Pada tahun 2009 – 2011, jabat direktur di-Plt. kan kepada komisaris mulai dari H Mukhlis hingga Zakaria Yusuf. Baru pada tahun 2011, jabatan direktur defenitif diserahkan kepada Yusrizal Handayani. “Terakhir sejak 2015 sampai sekarang dipegang oleh Abdul Rahman,” kata Wan Sabri.
Walau jabatan direktur terus berganti, sambung Wan Sabri, persoalan yang melilit perusahaan milik Pemkab Bengkalis ini tak kunjung tuntas. Bahkan sangat disayangkan, Pemkab tak melakukan apa yang direkomendasikan oleh BPK RI pada Maret 2007. Audit BPK tersebut merekomendasikan agar menempatkan orang-orang profesional dan bukan PNS apalagi PNS yang menduduki jabatan penting pelayanan publik sebagai Komisaris di PT BLJ yang berdampak kepada pengawasan yang tidak optimal.
Masih menurut Wan Sabri, aset yang dimiliki BLJ tidak ada nilai sama sekali, seperti Rice Processing Complex (RPC) di Desa Sepotong Kecamatan Siak kecil justru membebani neraca PT BLJ karena penyusutannya. Sedangkan pabrik pengolahan padi tersebut tak memiliki nilai ekonomis akibat dari posisi pabrik berada pada tanah milik pemda yang tidak dipisahkan dari kekayaan Pemkab Bengkalis.
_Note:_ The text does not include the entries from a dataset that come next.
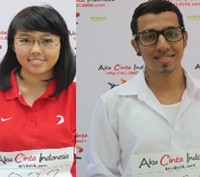 Napak Tilas Laskar Pelangi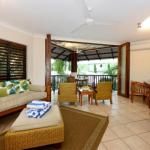 Hibiscus Hideaway - Hotel Accommodation 0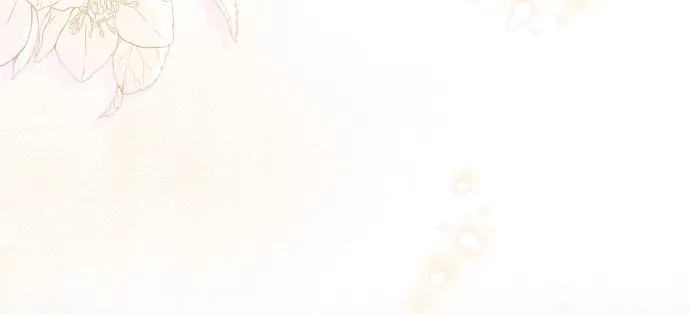 My Body Has Been Possessed by Someone Chapter 24 page 36 - 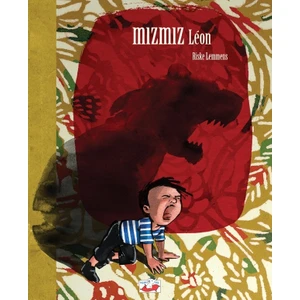 Mızmız Léon - Riske Lemmens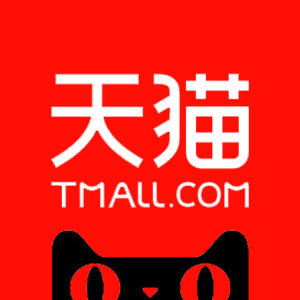 天猫旗舰店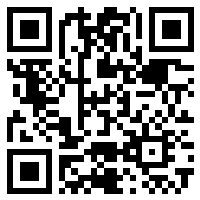 QR Code for dash:XdHcc85jdp3DZpC6U2ahb6BGuMHBCAYErT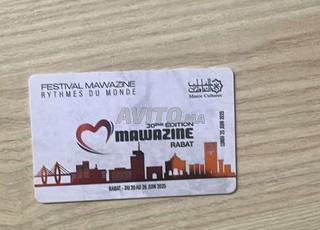 carte black quotidienne du 23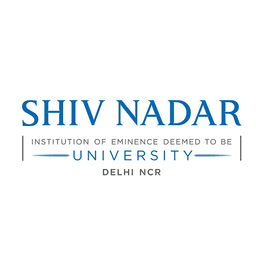 AIC Shiv Nadar University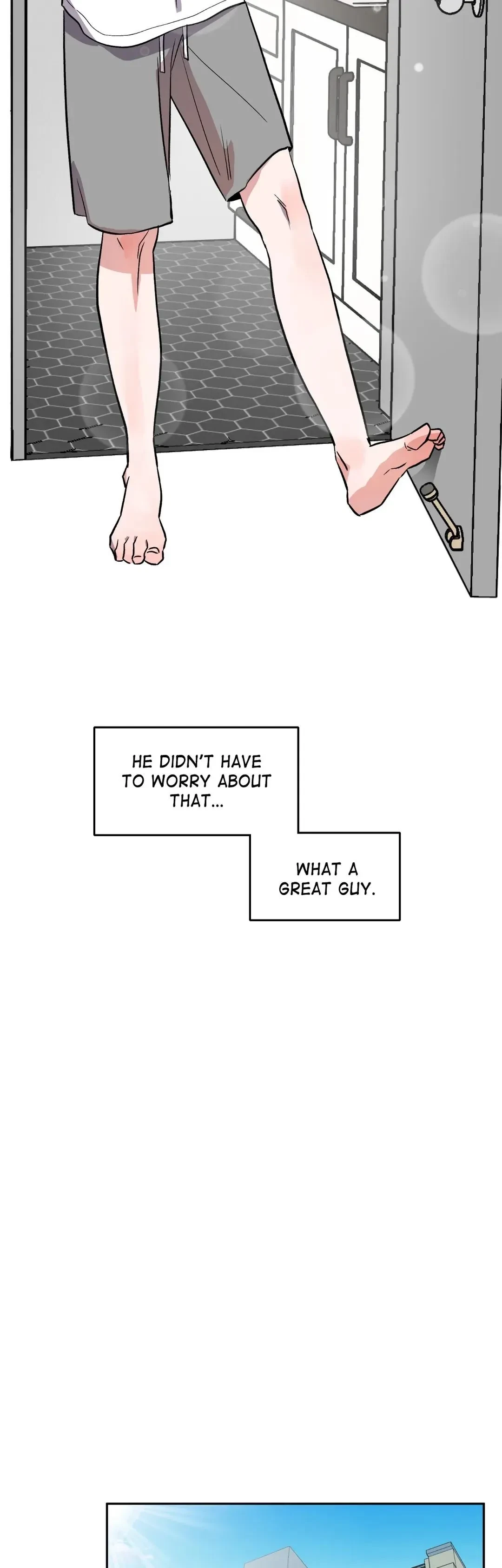 Chapter 19, page 18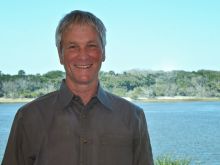 Pat Kilbane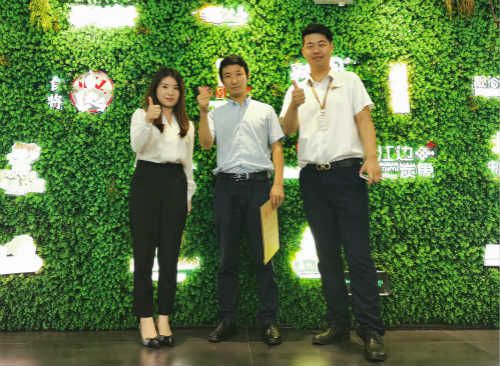 716南京韩炉村_meitu_4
“Pabrik tersebut menjadi barang rongsokan tidak bisa digunakan sama sekali. Begitu juga aset lainnya yang merupakan barang tak bergerak seperti SPBU juga terletak pada lahan milik pemkab Bengkalis, sehingga tak bisa dinilai sebagai aset. Karena jika ada yang mau mengakuisisinya hanya ada izin dan beberapa barang yang sulit dinilai secara ekonomis,” papar Wan Sabri.
Dikatakan, investasi Pemkab Bengkalis yang hampir setengah trilliun rupiah itu malah sudah menjadikan beberapa dirutnya narapidana bahkan ada yang DPO. Bahkan PT BLJ tahun 2017 neracanya dalam kondisi minus Rp1,6 miliar rupiah, sedangkan putusan pengadilan terhadap pesangon karyawan harus dibayarkan.
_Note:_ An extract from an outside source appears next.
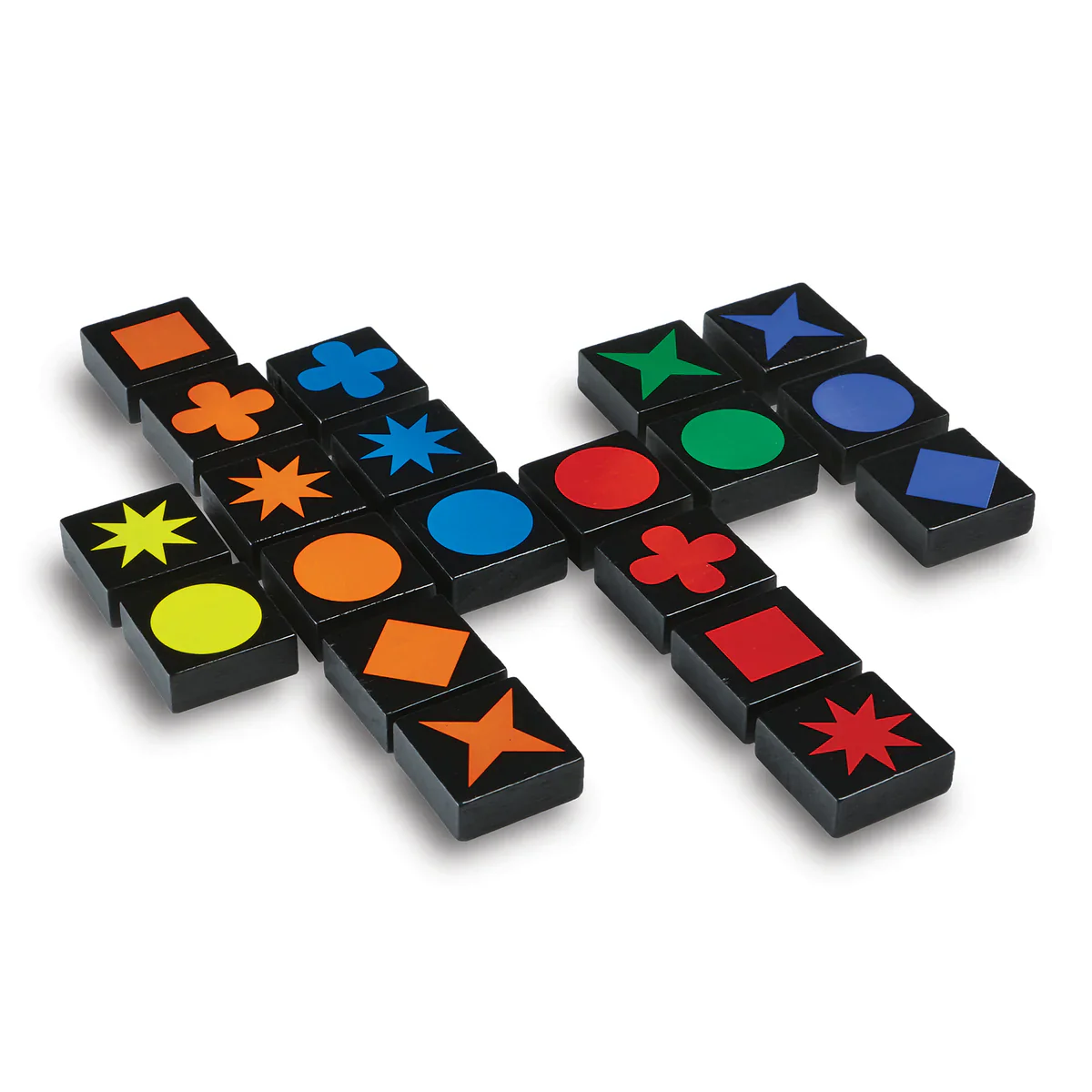 Qwirkle - Image 3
“Jadi dari analisa keadaan BUMD PT BLJ ini, saya menyarankan kepada Pemkab Bengkalis untuk membubarkannya dan membentuk BUMD baru dan menghibahkan semua aset PT BLJ yang ada sekarang berikut tanah-tanahnya, serta Pemkab sebagai owner PT BLJ membayarkan seluruh hutang PT BLJ serta menagih piutang yang masih ada,” ujar Wan Sabri seraya mengatakan, untuk menutupnya Pemkab bisa melaksanakan sesuai UU perseroan terbatas (PT) No 40 Tahun 2007 dan Perda 46 Tahun 2001 tentang pendirian BUMD PT BLJ daripada mempertahankan keberadaan PT BLJ ini menjadi beban, bahkan memberikan ketidakpastian terhadap karyawan yang sampai saat ini masih menunggu pesangon.